Since browsing the iTunes App Store is an exercise in frustration for anyone interested in seeing what’s down under all the annoyed birds and running temples, I tend to rely heavily on Game Center recommendations and the “Customers Also Bought” section of the pages for apps that I’ve already tried and liked.

Sometimes this works out very well.  I didn’t know that Sega had ported a Miku-based rhythm game to the US until I saw it in a “Customers Also Bought” and I seem to find a lot of pretty enjoyable tower defense games.

Sometimes it doesn’t work so well, and that brings us to Mandrake Girls, a game which seems determined to remove itself, as far as possible, from interactivity.

The premise of Mandrake Girls is pretty straightforward.  You start off with a garden, which looks like this:

mgirls_garden_empty

 

Only it doesn’t actually look like this when you start.  You need to spend $1.99 to get rid of an advertising banner and unlock the bottom three garden boxes.  As these sorts of games go, that’s not too onerous I suppose.

Anyway, after you’ve spent your $1.99, you get five garden boxes, each of which grows little mandrakes.  You click on the mandrakes to harvest them and they pop out with a different random character.  Harvesting each mandrake also gets you a small amount of in-game currency.  If you let your entire garden box fill up, which takes about 12 hours, you can harvest a bunch of mandrakes all at once and you’ll probably get around 20 coins.

mgirls_garden_full

 

Lower garden boxes grow slower but have a higher chance of rarer mandrakes.
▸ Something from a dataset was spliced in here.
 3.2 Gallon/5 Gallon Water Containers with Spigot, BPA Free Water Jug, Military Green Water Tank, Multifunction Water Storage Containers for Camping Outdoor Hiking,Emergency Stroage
Most of them are cute girls, hence the name, though – to be fair – there are a few boys as well.

As you collect mandrake characters, they go into a book where you can look at the ones you’ve collected.  Each one gets a description and you can further spend in-game currency to unlock an illustration of the character.

Some of these illustrations are straight out of the “What Not To Do” school of art as brilliantly skewered by The Hawkeye Initiative:

mgirls_cat01 mgirls_cat02

 

And some of the illustrations are a little less cheesecake but perhaps a little confusing:

mgirls_owl01 mgirls_owl02

 

 

Oh, and spiders will occasionally invade your garden and you can swat them:

mgirls_spiders

 

That is, as far as I can tell, all you can do.  I had expected, you know, some kind of minigames or something to DO with your horde of mandrakes, but there’s not much to do other than wait until you can harvest mandrakes, VERY occasionally get a new mandrake that goes into your book, save up coins to unlock the art for each mandrake and once in a while swat a spider.

Oh, and unlocking art for each tier of mandrake gets very expensive.  The most expensive ones I’ve seen thus far cost 800 coins to unlock the picture, which would probably take a couple of week’s worth of harvesting to collect – or, of course, a modest in-app purchase if you think that seeing a new picture is worth, at the best conversion ratio from real money into one form of fake money into the other form of fake money, about 80 cents.

I will, however, give the authors credit for some very amusing achievement names:

mgirls_cheevo01

mgirls_cheevo02

 

In retrospect, this is one of the stronger arguments AGAINST trawling the darker depths of the app store.  Sometimes, things sink to the bottom for a reason.